DATA PROVIDED START
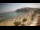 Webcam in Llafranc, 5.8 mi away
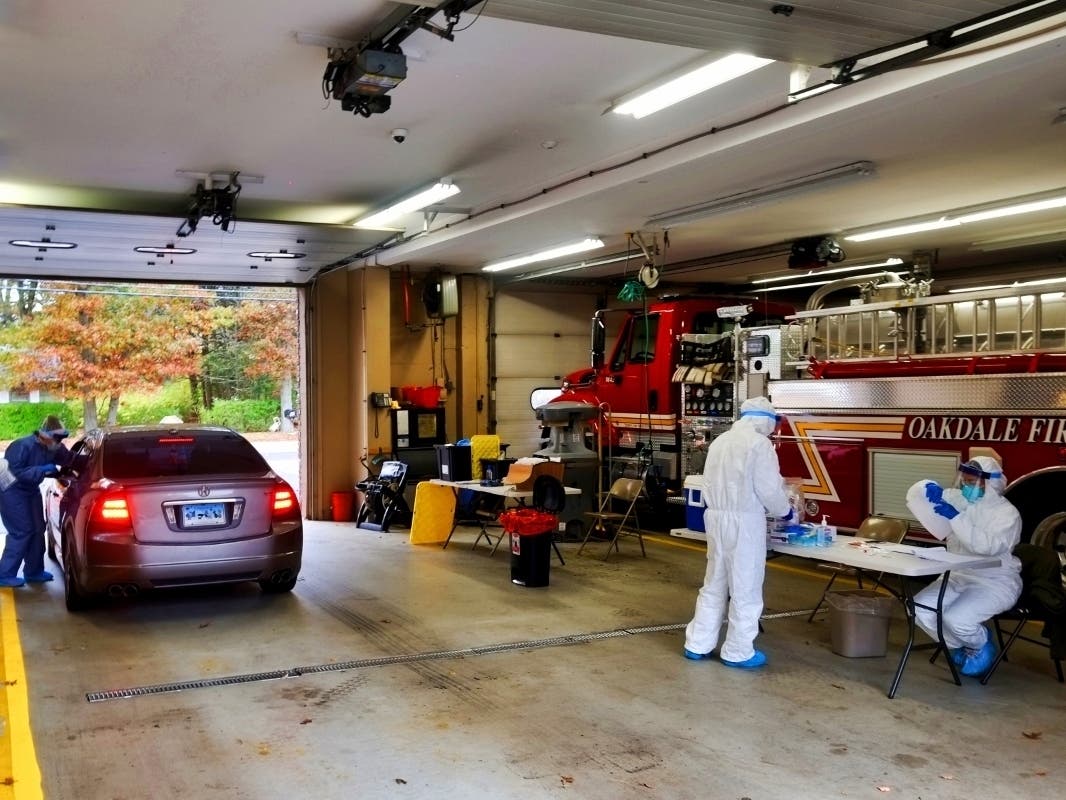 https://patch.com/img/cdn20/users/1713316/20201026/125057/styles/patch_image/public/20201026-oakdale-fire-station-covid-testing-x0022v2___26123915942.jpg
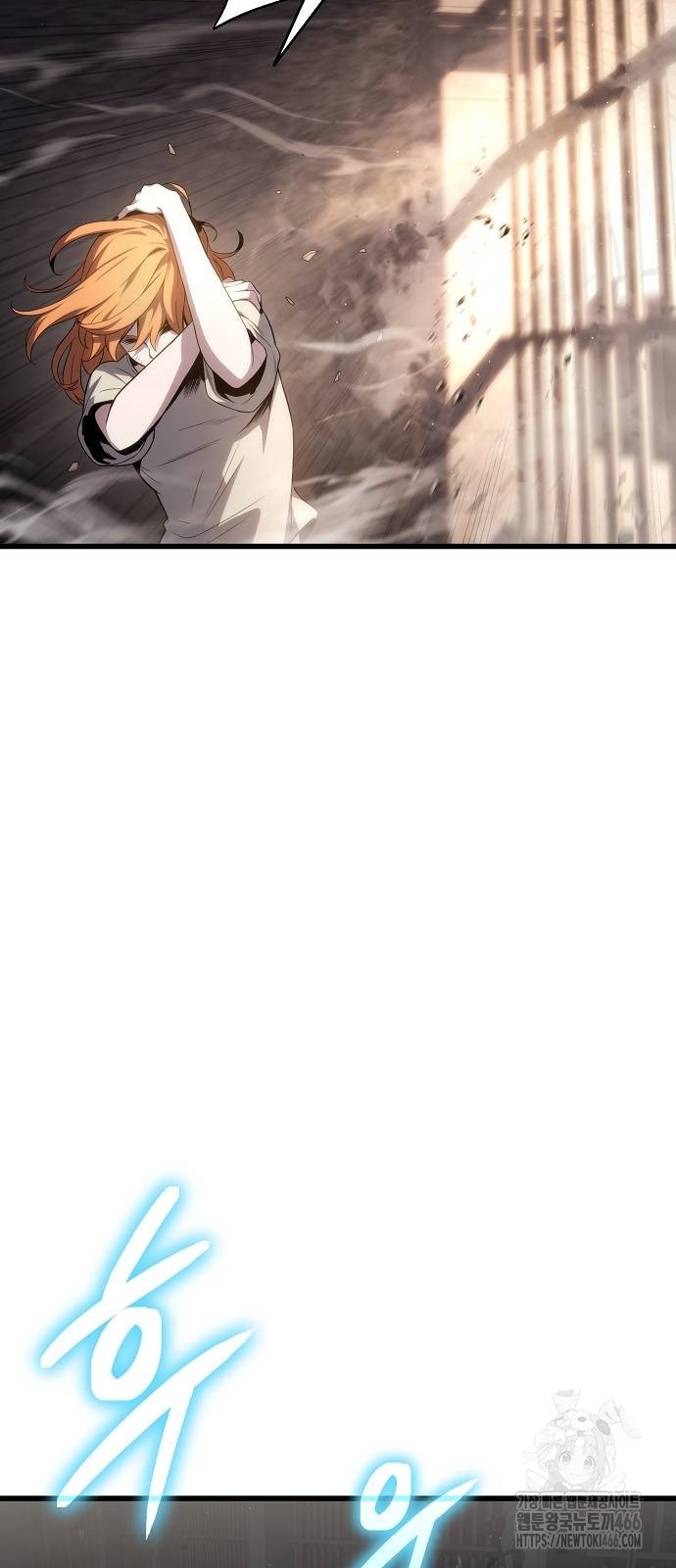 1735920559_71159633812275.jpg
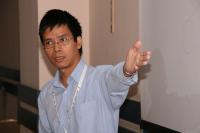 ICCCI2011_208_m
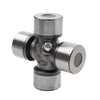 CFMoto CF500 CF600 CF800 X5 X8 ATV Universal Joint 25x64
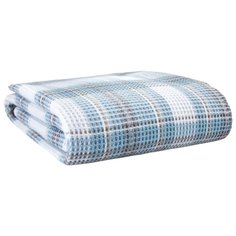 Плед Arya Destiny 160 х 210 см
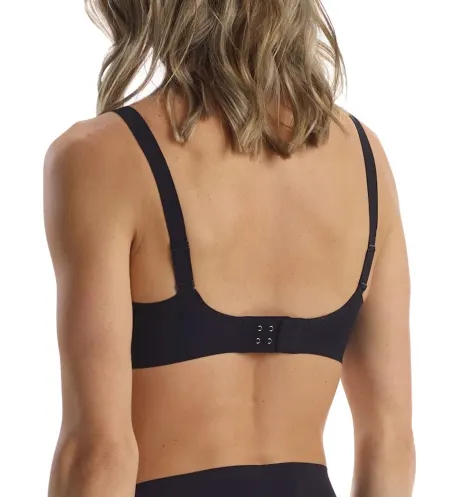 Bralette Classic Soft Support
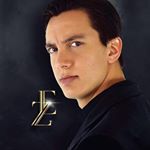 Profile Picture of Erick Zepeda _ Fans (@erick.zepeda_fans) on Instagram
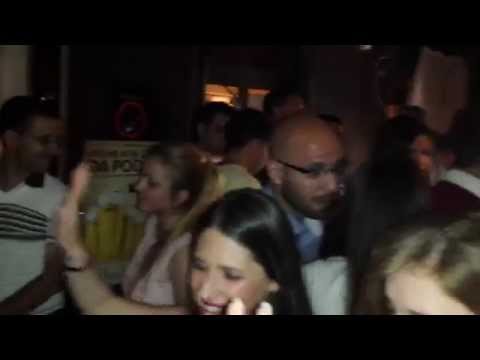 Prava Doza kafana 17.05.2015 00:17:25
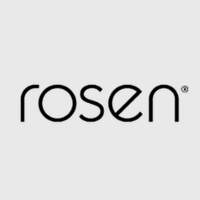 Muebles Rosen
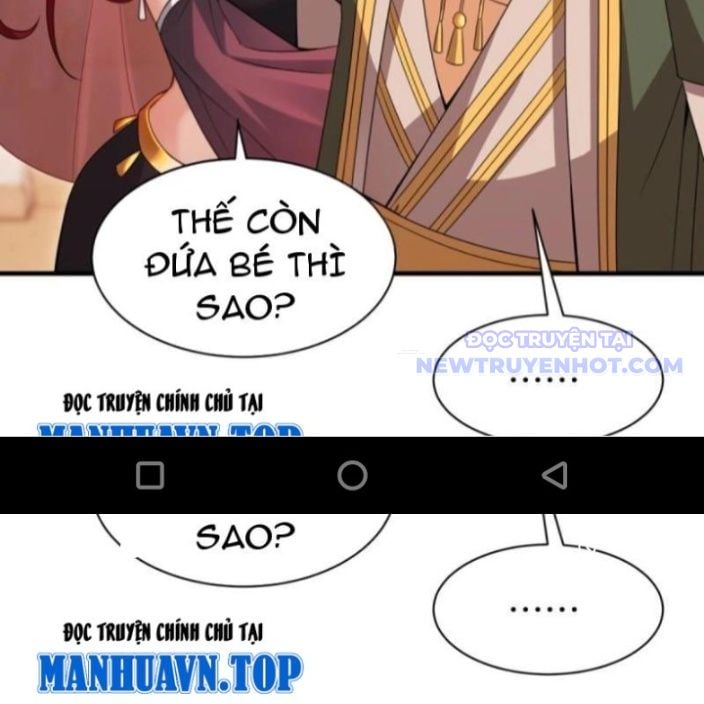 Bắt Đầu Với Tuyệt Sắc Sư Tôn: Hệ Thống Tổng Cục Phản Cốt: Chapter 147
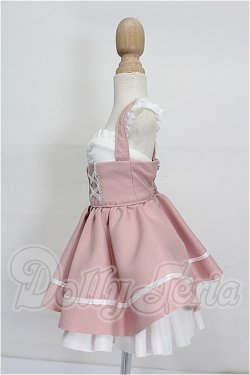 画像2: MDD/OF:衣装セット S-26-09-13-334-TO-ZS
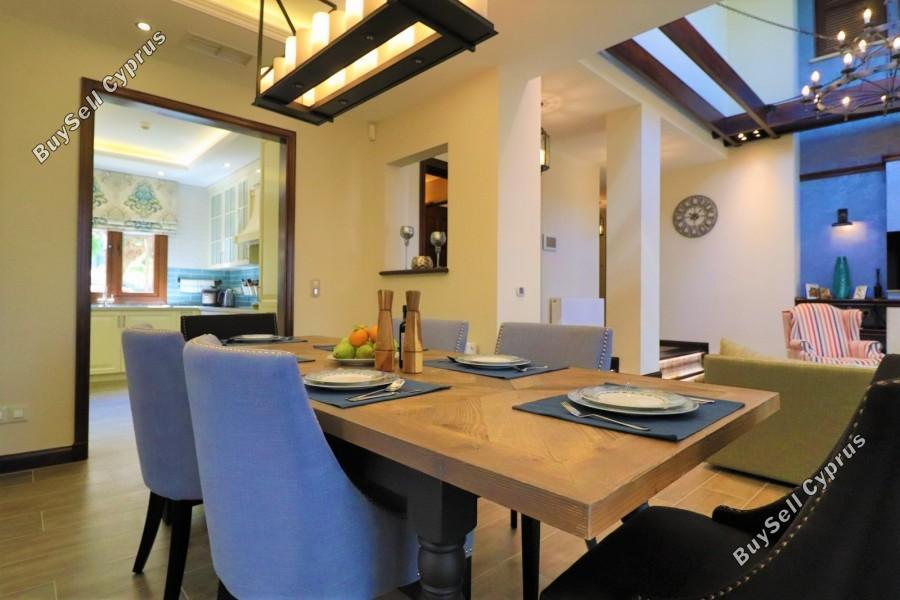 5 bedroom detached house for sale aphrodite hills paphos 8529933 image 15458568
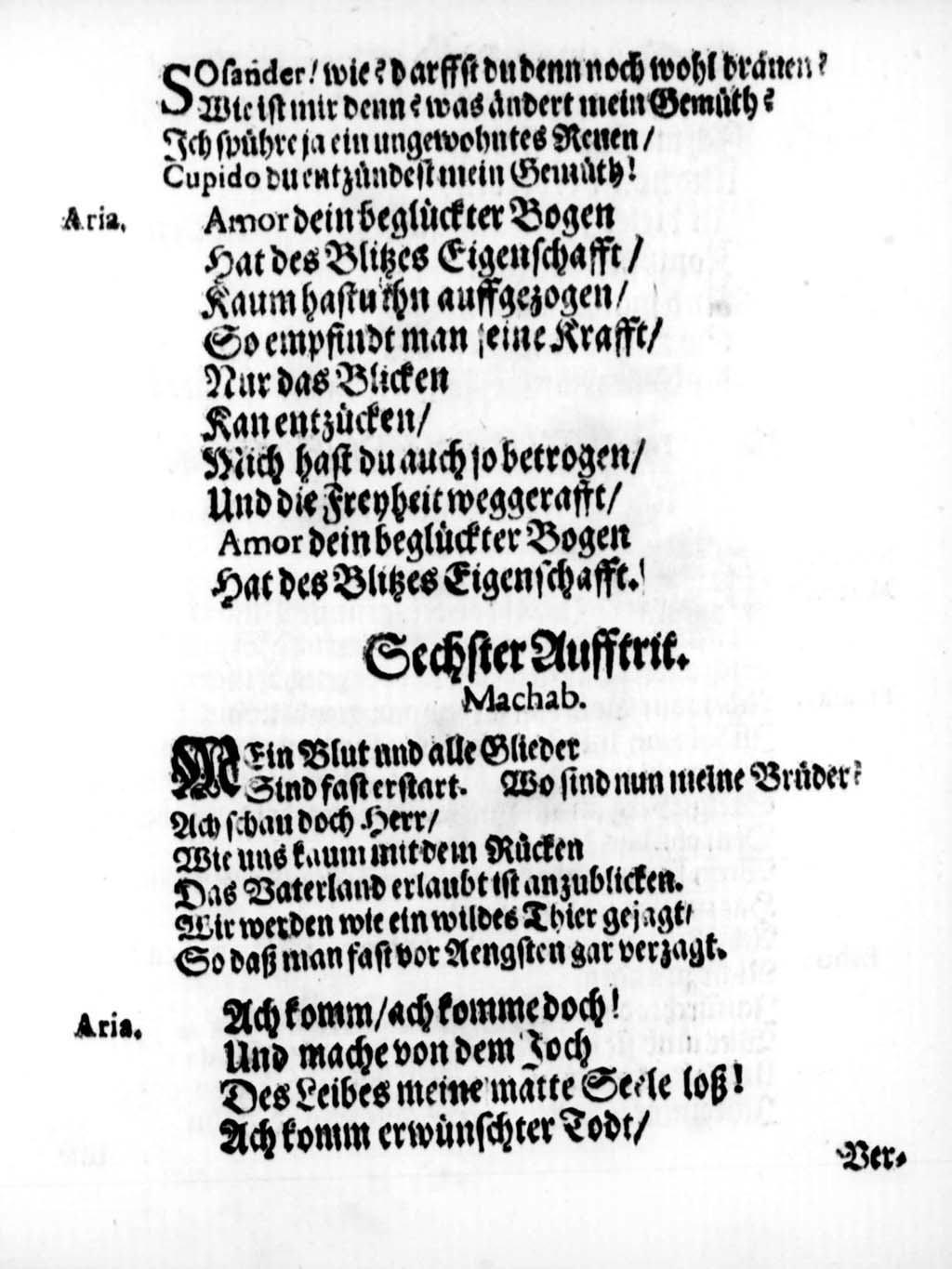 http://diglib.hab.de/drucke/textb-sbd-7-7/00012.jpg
DATA PROVIDED END
> [REQUIRED ACTION]: Exactly as given, transcribe every line of the data, but not its images.

> [COMPLETED TASK]:
 Webcam in Llafranc, 5.8 mi away
 https://patch.com/img/cdn20/users/1713316/20201026/125057/styles/patch_image/public/20201026-oakdale-fire-station-covid-testing-x0022v2___26123915942.jpg
 1735920559_71159633812275.jpg
 ICCCI2011_208_m
 CFMoto CF500 CF600 CF800 X5 X8 ATV Universal Joint 25x64
 Плед Arya Destiny 160 х 210 см
 Bralette Classic Soft Support
 Profile Picture of Erick Zepeda _ Fans (@erick.zepeda_fans) on Instagram
 Prava Doza kafana 17.05.2015 00:17:25
 Muebles Rosen
 Bắt Đầu Với Tuyệt Sắc Sư Tôn: Hệ Thống Tổng Cục Phản Cốt: Chapter 147
 画像2: MDD/OF:衣装セット S-26-09-13-334-TO-ZS
 5 bedroom detached house for sale aphrodite hills paphos 8529933 image 15458568
 http://diglib.hab.de/drucke/textb-sbd-7-7/00012.jpg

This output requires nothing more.